### How to complete this task:
Using the entries below, copy exactly each line from the line with "SCATOLA DI LATTA" up to and including the line with "Alimentateur vibrant à", with every picture left out.

──────── Exercise material

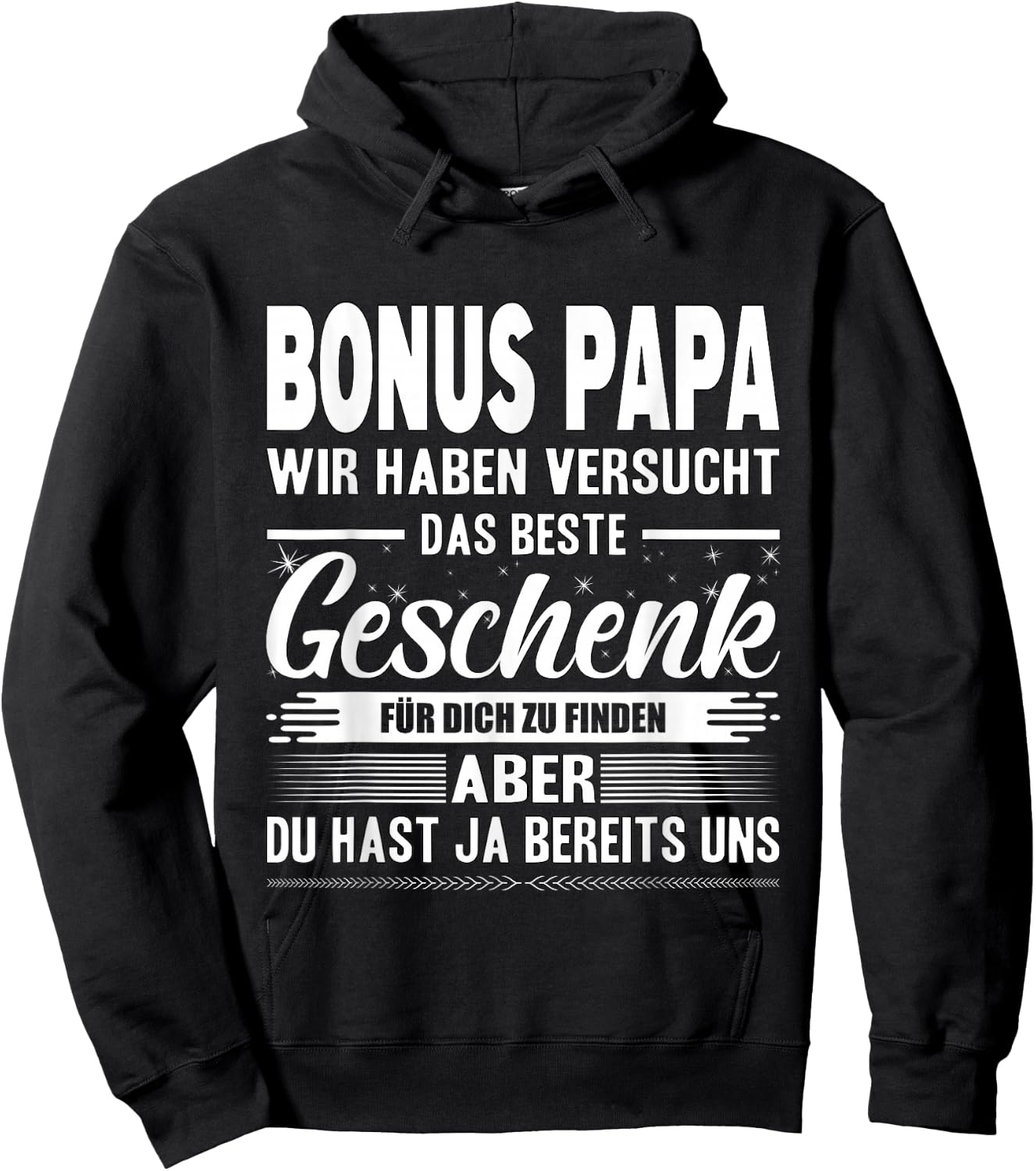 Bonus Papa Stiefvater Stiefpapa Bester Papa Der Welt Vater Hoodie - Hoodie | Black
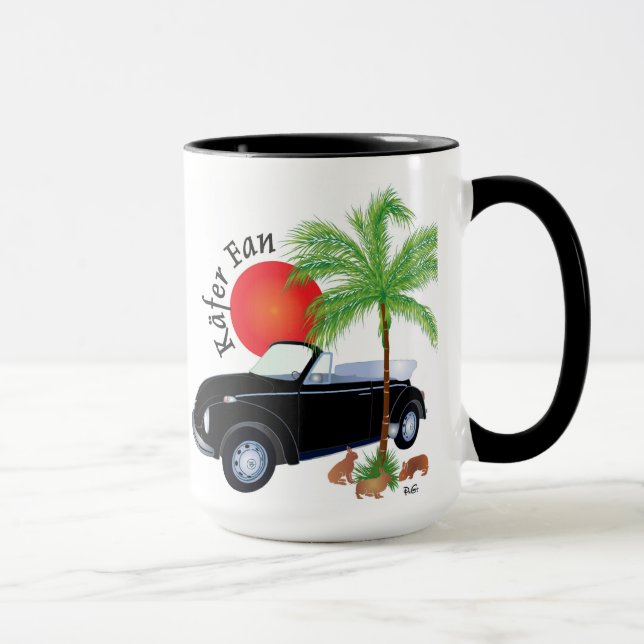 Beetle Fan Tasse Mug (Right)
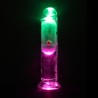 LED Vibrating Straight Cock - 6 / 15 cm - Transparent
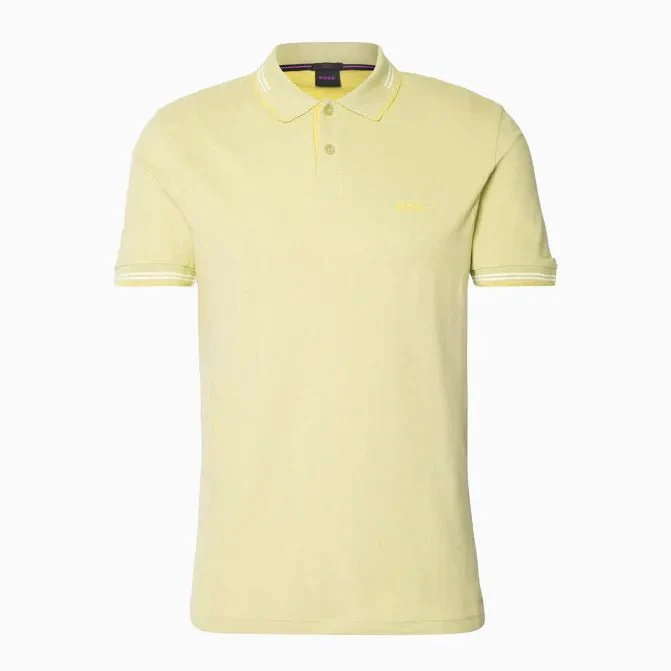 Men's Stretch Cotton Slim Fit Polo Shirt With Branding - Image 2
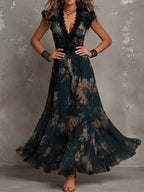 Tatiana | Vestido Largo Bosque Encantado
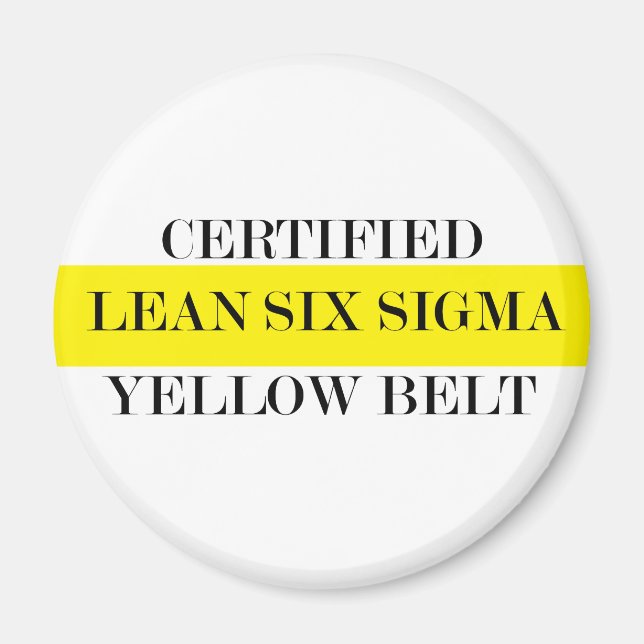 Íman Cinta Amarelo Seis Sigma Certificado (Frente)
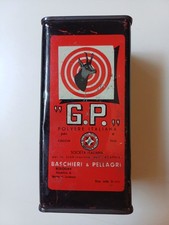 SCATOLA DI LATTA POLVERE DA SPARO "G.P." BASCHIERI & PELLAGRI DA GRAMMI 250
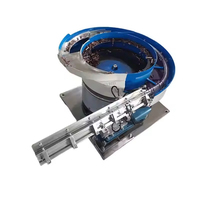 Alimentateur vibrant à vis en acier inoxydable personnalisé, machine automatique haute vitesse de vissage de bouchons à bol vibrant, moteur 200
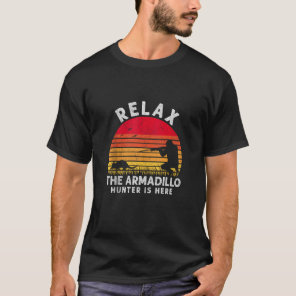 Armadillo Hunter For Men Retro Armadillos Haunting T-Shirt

────────────────
──────── Exercise material

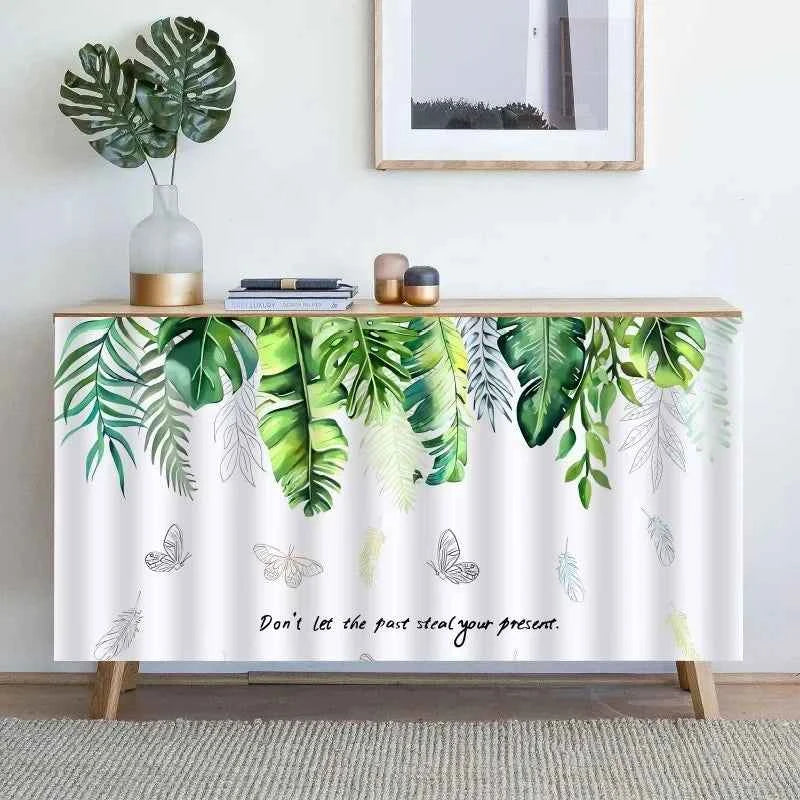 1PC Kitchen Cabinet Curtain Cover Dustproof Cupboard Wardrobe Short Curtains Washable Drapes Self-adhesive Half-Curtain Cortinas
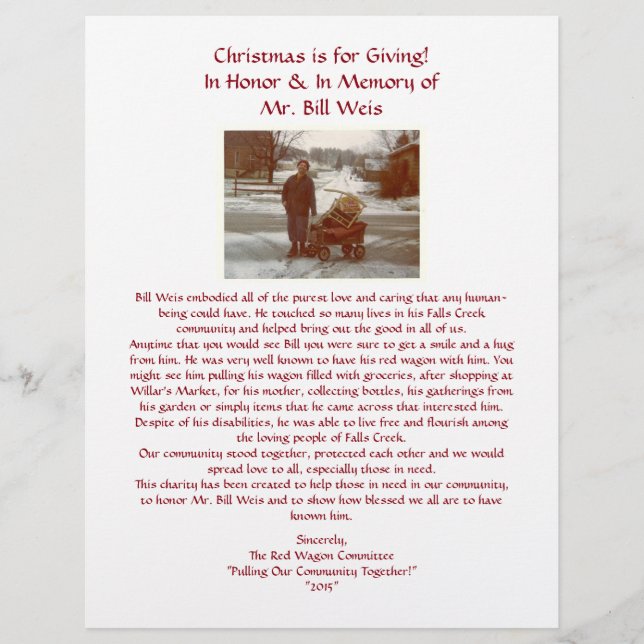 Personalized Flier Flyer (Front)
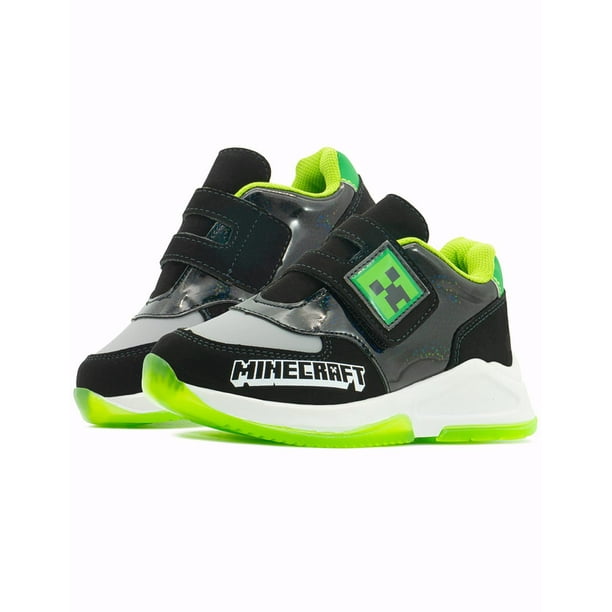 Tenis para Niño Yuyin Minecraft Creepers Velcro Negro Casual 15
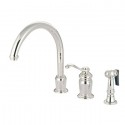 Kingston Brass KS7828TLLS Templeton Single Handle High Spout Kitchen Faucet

────────────────

### The answer:
 SCATOLA DI LATTA POLVERE DA SPARO "G.P." BASCHIERI & PELLAGRI DA GRAMMI 250
 Alimentateur vibrant à vis en acier inoxydable personnalisé, machine automatique haute vitesse de vissage de bouchons à bol vibrant, moteur 200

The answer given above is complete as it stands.